I could’ve sworn I saw a happy glint in Uncle Shakuni’s eyes. But it changed instantly to anger. Maybe I was mistaken. 

Uncle Vidura also recognized my look of livid rage. He shushed Draupadi and told everyone to leave so that I could compose myself in private. 

“Don’t take it to heart, Suyodhana,” he tried to console me. “It was only an innocent reaction to something funny. I know this palace is quite a maze. I also was fooled by its magic many times. Remember you are part of the Kuru clan, the one that boasts of generous-hearted kings like Dushyanta, Bharata, and others. Don’t allow pettiness to get into your heart, Suyodhana.” He had also caught on to the wrong turn! 

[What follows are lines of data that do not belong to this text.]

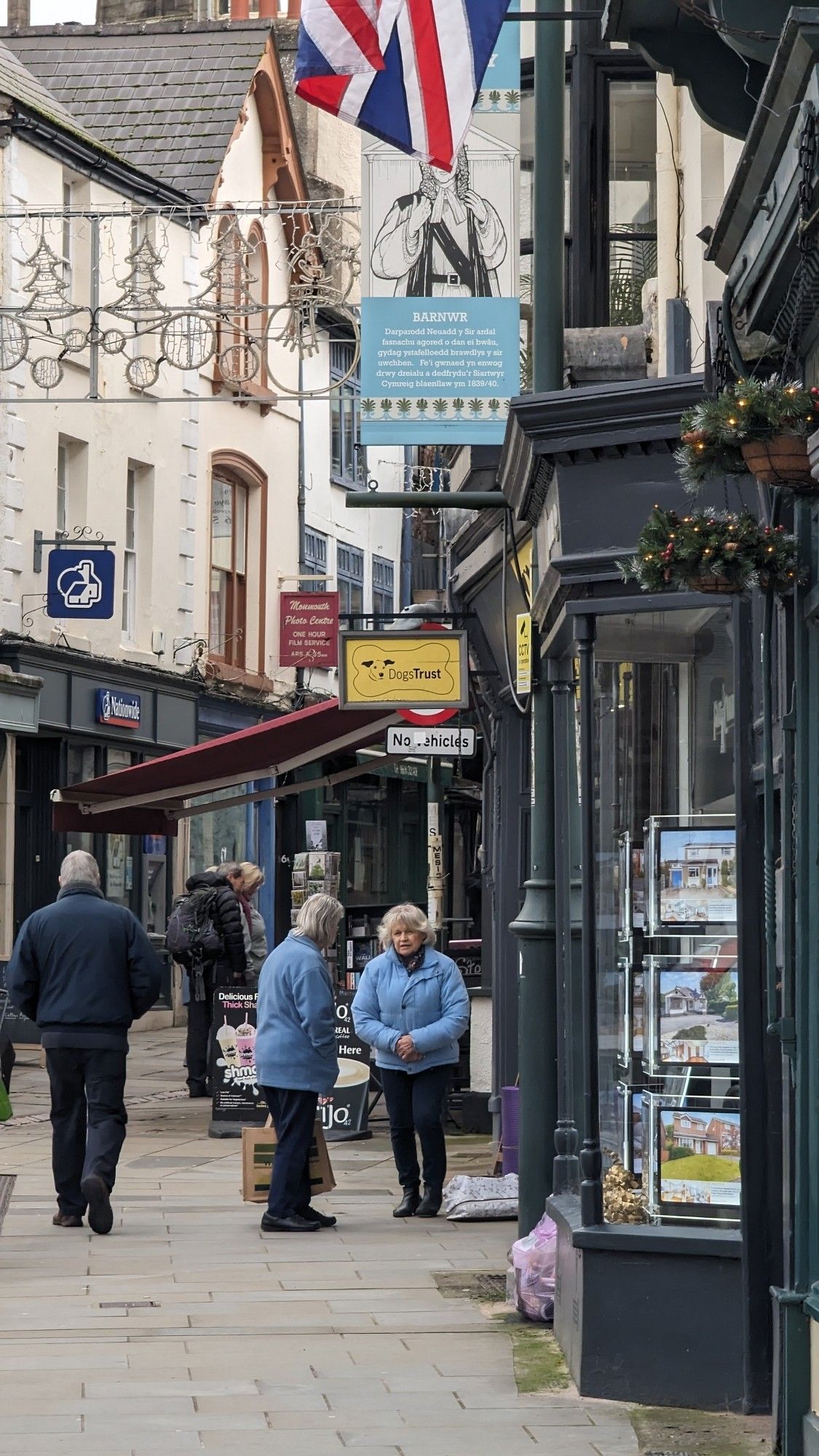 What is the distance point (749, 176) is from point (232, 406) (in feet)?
81.7

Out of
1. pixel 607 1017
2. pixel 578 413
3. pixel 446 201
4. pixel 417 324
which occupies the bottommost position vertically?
pixel 607 1017

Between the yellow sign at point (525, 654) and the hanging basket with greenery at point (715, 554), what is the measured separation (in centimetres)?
310

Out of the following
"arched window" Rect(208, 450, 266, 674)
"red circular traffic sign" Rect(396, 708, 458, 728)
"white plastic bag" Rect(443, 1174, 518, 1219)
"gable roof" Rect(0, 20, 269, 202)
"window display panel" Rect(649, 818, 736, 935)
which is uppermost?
"gable roof" Rect(0, 20, 269, 202)

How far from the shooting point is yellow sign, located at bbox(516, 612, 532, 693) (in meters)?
9.89

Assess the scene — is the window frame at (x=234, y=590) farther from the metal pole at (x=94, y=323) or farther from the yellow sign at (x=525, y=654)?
the yellow sign at (x=525, y=654)

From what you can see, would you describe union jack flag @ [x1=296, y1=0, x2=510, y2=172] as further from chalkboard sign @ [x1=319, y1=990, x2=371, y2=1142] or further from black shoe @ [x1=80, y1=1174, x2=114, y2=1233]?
chalkboard sign @ [x1=319, y1=990, x2=371, y2=1142]

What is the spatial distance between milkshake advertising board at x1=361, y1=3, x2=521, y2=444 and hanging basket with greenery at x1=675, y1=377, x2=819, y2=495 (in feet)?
16.5

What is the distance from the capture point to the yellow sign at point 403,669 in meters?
13.4

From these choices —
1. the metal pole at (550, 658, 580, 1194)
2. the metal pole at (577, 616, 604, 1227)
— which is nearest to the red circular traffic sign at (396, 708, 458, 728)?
the metal pole at (550, 658, 580, 1194)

But I was lost in my humiliation. It created a vile darkness that filled my body and soul. That darkness took away my peace forever. It refused to go away even when I disrobed Draupadi in the court of Hastinapur. It refused to go even when everyone in my family gave up their life for me. It refuses to go even now while I wait for death. Will I be redeemed from this darkness?

I heard footsteps. I turned to see Krishna approaching me. He was alone. Strangely, his eyes were filled with compassion and love. 

For me?

“Yes, my dear Suyodhana! I feel compassion for you because you had the capability to be as good and moral as Yudhisthira but you didn’t recognize it. Rather you ignored it and chose to feed your darkness.”

It was my turn to shed tears! For the first time, His words made sense. 

“Do you know that you and Yudhishthira were the same until about 13 years ago? He was as insecure as you, and as jealous of you as you were of him.”


“Yes, really! He pretended well, as you had rightly gauged.”

“Then why did you take his side?”

“Because he changed. That forced exile was the best thing that could’ve happened to him. He learnt to embrace and accept his faults and suffering caused by his karma. Yudhishtra’s pretence became his authenticity while you lived in denial. And yes, that wrong turn was the beginning of your end. Now go in peace and may you be reborn strong enough to face the consequences of this birth’s karma.”

I folded my hands in gratuitous salutation to Him! He left me, blessing me with less anger, hatred, and more peace than before.